Monday, August 24, 2020

Hyperventilation and misleading analysis from the New York Times…"Getting the coronavirus again"

 Hyperventilation and misleading analysis from the New York Times…"Getting the coronavirus again"


What this  specific incident really shows is that a second infection is possible but very rare. 

This possibility  of reinfection always exists and has basically nothing to do with achieving herd immunity. 

The patient apparently has a strong immune system. The second time he  was infected he was completely symptom-free.

What we should  learn  is whether the second  infection  made him an infectious carrier for any period of time,... and  if it did we should gather specific details of his infection  so we can use this case in developing population screening/ testing programs 




Getting the coronavirus again

It’s official: Humans can get reinfected with the coronavirus.
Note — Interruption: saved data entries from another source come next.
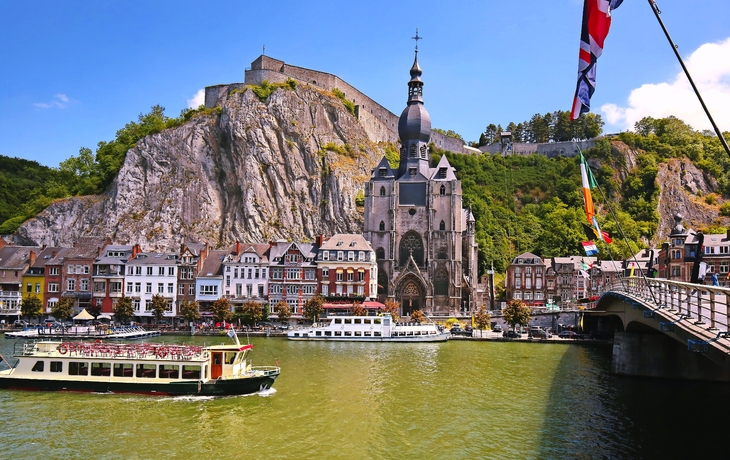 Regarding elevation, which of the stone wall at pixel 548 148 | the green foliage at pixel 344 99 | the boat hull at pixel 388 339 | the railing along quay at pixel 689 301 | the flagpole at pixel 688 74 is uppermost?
the green foliage at pixel 344 99

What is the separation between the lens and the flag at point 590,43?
60.4 feet

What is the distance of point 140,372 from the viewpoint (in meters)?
37.4

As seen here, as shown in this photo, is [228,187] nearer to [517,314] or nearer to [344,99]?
[344,99]

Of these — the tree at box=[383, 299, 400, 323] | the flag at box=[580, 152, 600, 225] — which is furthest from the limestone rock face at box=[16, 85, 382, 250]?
the flag at box=[580, 152, 600, 225]

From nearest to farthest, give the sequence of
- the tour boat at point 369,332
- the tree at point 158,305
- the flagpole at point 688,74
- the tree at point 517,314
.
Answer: the flagpole at point 688,74
the tour boat at point 369,332
the tree at point 517,314
the tree at point 158,305

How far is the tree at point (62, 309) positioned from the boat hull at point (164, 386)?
4463 centimetres

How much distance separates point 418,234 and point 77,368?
65725 mm

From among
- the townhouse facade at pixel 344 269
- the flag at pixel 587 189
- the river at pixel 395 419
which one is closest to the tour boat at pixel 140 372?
the river at pixel 395 419

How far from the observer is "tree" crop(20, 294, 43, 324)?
80.9 metres

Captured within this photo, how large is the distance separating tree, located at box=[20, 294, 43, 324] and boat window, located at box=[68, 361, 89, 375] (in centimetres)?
5001

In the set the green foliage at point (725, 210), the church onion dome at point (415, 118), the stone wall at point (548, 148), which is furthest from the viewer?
the stone wall at point (548, 148)

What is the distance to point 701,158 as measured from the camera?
145125 mm

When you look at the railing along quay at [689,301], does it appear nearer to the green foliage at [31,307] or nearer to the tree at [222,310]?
the tree at [222,310]

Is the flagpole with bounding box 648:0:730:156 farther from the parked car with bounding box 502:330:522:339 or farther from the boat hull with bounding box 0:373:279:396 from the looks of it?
the parked car with bounding box 502:330:522:339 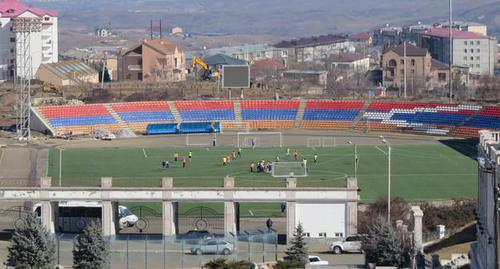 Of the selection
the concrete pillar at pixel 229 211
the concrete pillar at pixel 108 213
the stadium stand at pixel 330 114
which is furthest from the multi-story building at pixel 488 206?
the stadium stand at pixel 330 114

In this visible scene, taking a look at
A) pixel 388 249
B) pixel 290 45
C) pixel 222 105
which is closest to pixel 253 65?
pixel 290 45

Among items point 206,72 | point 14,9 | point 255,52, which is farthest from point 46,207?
point 255,52

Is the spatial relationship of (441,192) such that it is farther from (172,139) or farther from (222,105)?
(222,105)

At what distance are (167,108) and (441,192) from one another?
112ft

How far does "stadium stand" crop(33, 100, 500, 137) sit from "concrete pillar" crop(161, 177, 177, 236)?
36.0m

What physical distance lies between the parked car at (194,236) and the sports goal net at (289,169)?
47.5 feet

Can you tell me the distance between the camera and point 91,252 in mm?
30891

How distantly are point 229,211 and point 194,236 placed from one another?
2449mm

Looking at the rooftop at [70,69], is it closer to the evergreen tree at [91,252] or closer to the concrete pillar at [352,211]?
the concrete pillar at [352,211]

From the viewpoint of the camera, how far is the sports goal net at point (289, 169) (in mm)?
53656

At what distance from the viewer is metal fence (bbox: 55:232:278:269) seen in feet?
113

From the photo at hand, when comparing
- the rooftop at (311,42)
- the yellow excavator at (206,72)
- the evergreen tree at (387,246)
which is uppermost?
the rooftop at (311,42)

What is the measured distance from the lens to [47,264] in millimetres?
31141

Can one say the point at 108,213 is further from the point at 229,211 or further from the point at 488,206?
the point at 488,206
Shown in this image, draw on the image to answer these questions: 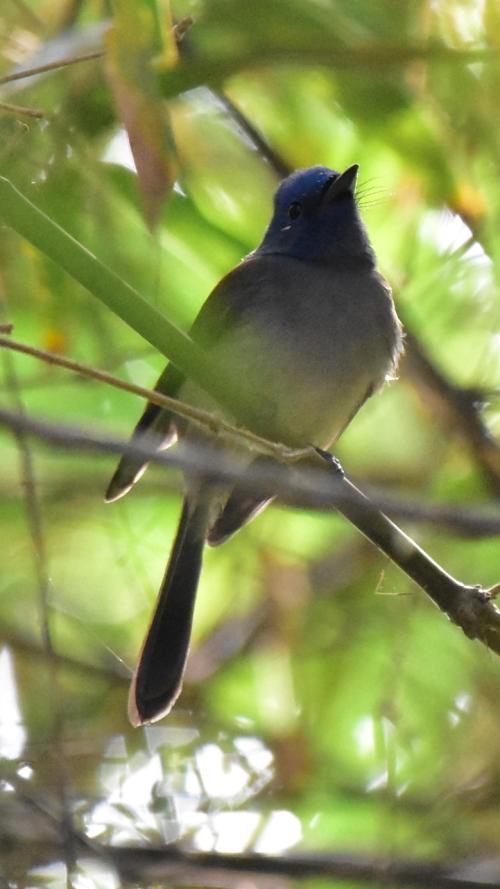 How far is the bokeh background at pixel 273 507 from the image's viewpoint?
2.81m

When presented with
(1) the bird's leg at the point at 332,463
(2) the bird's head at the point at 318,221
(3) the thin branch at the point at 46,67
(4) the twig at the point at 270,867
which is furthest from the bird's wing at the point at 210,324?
(3) the thin branch at the point at 46,67

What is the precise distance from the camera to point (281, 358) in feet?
11.2

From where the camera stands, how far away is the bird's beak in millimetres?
3529

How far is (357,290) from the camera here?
3.64m

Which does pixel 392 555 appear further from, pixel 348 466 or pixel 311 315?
pixel 348 466

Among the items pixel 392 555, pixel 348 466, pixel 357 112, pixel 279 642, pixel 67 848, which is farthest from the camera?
pixel 348 466

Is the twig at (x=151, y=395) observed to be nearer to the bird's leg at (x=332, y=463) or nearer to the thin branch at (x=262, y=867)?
the bird's leg at (x=332, y=463)

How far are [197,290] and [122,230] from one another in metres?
0.30

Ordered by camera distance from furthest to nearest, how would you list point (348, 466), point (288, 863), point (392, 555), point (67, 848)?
point (348, 466), point (288, 863), point (392, 555), point (67, 848)

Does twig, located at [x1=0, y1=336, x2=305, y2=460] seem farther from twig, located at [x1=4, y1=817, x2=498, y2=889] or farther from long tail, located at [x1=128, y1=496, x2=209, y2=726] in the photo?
long tail, located at [x1=128, y1=496, x2=209, y2=726]

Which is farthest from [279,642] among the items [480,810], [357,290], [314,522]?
[357,290]

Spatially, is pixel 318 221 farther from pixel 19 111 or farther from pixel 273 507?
pixel 19 111

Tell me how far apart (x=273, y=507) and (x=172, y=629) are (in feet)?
1.96

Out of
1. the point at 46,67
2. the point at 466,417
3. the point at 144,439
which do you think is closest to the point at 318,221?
the point at 466,417
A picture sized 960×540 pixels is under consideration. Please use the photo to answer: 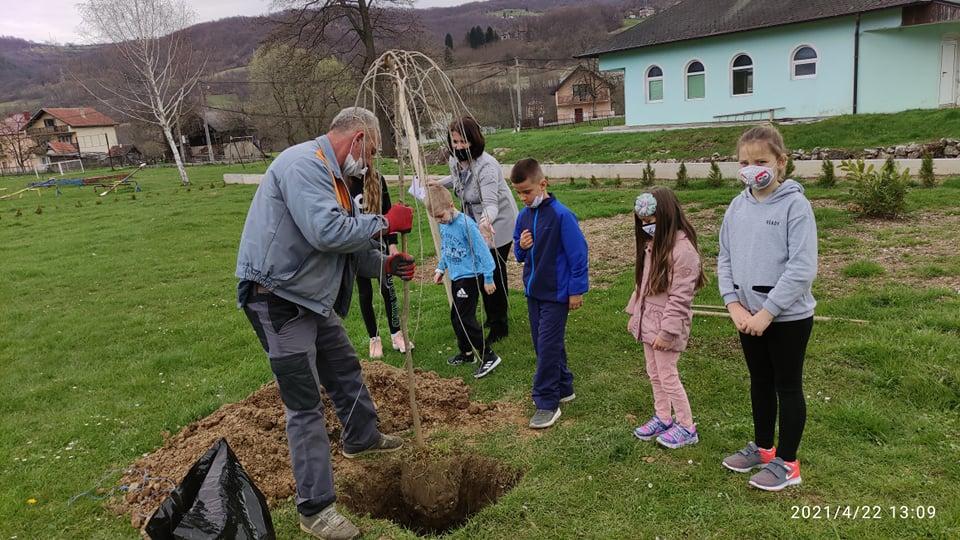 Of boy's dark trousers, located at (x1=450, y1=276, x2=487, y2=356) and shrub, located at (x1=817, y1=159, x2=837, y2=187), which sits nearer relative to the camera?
boy's dark trousers, located at (x1=450, y1=276, x2=487, y2=356)

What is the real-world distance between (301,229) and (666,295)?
2.09m

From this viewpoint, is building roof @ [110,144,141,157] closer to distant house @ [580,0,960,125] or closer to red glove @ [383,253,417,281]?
distant house @ [580,0,960,125]

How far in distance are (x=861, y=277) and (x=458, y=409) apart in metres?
4.64

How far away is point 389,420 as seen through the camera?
4.33m

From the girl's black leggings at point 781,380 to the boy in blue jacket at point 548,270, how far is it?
1.13 metres

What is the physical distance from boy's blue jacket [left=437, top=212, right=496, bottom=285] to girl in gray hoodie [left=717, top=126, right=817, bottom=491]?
6.92 feet

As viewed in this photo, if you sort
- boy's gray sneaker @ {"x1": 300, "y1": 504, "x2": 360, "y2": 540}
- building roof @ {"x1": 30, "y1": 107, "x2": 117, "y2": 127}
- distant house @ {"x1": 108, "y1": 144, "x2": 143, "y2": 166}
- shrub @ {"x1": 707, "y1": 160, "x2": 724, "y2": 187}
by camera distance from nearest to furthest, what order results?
boy's gray sneaker @ {"x1": 300, "y1": 504, "x2": 360, "y2": 540}
shrub @ {"x1": 707, "y1": 160, "x2": 724, "y2": 187}
distant house @ {"x1": 108, "y1": 144, "x2": 143, "y2": 166}
building roof @ {"x1": 30, "y1": 107, "x2": 117, "y2": 127}

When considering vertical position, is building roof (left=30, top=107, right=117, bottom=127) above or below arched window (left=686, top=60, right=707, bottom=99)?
above

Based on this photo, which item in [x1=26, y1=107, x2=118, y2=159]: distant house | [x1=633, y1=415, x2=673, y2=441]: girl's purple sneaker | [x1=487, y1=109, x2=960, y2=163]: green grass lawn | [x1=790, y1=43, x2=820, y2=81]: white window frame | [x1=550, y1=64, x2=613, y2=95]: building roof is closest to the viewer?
[x1=633, y1=415, x2=673, y2=441]: girl's purple sneaker

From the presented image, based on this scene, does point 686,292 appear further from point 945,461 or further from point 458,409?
point 458,409

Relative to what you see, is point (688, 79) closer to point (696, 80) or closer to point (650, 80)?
point (696, 80)

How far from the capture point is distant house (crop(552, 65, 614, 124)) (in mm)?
52500

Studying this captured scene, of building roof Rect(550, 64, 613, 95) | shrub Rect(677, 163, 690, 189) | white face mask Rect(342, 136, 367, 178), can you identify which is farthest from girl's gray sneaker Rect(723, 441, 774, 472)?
building roof Rect(550, 64, 613, 95)

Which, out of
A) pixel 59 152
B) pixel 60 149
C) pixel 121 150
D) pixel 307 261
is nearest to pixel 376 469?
pixel 307 261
The first documented case is a 33-year-old man in Hong Kong who caught the virus at the end of March and, more than four months later, picked it up again during a trip to Europe.

The proof lay in the genome sequencing of the virus from both of the man’s infections, which researchers found to be significantly different. The second strain was one that had been circulating in Europe when he was there.

The theoretical possibility of reinfection does not come as a surprise. “We expected that the immunity to the coronavirus might last less than a year because that’s how it is with common cold coronaviruses,” Apoorva Mandavilli, a Times science reporter, told us.

The man experienced mild symptoms the first time he had Covid-19 but had none the second time — an encouraging sign, and very likely an indication that his immune system had been trained by the initial infection.

If the research is buttressed by subsequent cases, it will underline the need for a comprehensive vaccine. “We can’t just get to herd immunity the natural way because only vaccines may be able to produce the kind of immune response that can prevent reinfection,” Apoorva said.

Forget antibody tests. Many of the current ones are inaccurate, some look for the wrong antibodies and even the right antibodies can disappear, experts at the Infectious Diseases Society of America have advised. And because antibody tests can’t tell you if you’re immune to subsequent infections, they’re useless in deciding whether to ease up on mask-wearing and other social-distancing precautions.